Good Times and Bum Times Made These Theater Veterans Even | ltc-a

When the songwriter Bob Merrill told her about his new musical, “Henry, Sweet Henry,” she flew back to New York to audition. That 1967 production’s choreographer asked if she would like to be a swing. “I had no idea what a swing was,” Lopez said. “I thought a swing was, like, you sit on a swing.” (She and Daniele hooted in unison.)

“Henry, Sweet Henry” turned out to be another flop, but that choreographer was none other than Michael Bennett. A few years later, Lopez would be one of the dancers whose stories formed the backbone of his classic show “A Chorus Line.” She originated the role of Diana, who sings “What I Did for Love” and “Nothing” — the latter drawing from Lopez’s time at the High School of Performing Arts in Manhattan.

It’s to those formative years that, once again, Lopez reaches back when asked who her boosters were. First was her mother, who said that young Priscilla had worked too hard to get into the elite school and should not quit. Another early supporter was her acting teacher Vinnette Carroll. “As horrible as Mister Karp was, that’s how wonderful she was,” Lopez said, referring to the teacher who makes memorable running appearances in “Nothing.”

Bennett played a key role in Daniele’s life as well. He spotted her dancing in “Promises, Promises” in 1968, and took her under his wing. He incorporated some of her suggestions in “Coco” the following year, and made her one of his assistants in “Follies” (1971). She also played the young Vanessa in that production, but her increased responsibilities did not interfere with her impish humor. One of her dance partners, Steven Boockvor, was driving her up the wall with his jokes, so she decided to strike back in the “Loveland” number. “We were looking at each other closely for a long time,” Daniele said, “and one day I went …” She lets a string of spittle dangle from her lips. “Michael said, ‘What are you doing?’ I said, ‘I’m sorry, I had a problem in my mouth and I was drooling.’”

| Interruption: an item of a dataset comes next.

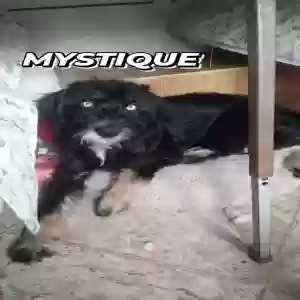 adoptable Dog in Demopolis, AL named Mystique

In the 1970s, Lopez and Daniele participated in “The Milliken Breakfast Show,” a series of industrial musicals bolstered by the likes of Ann Miller, Robert Morse, Gwen Verdon and … Michael Bennett. One year, Lopez was Chita Rivera’s understudy. “It was a run-through and she had some appointment or something,” Lopez said. “Michael said, ‘Priscilla, get up here. Do it!’ I went [to a jaunty tune] bump-bump-bump-bump.”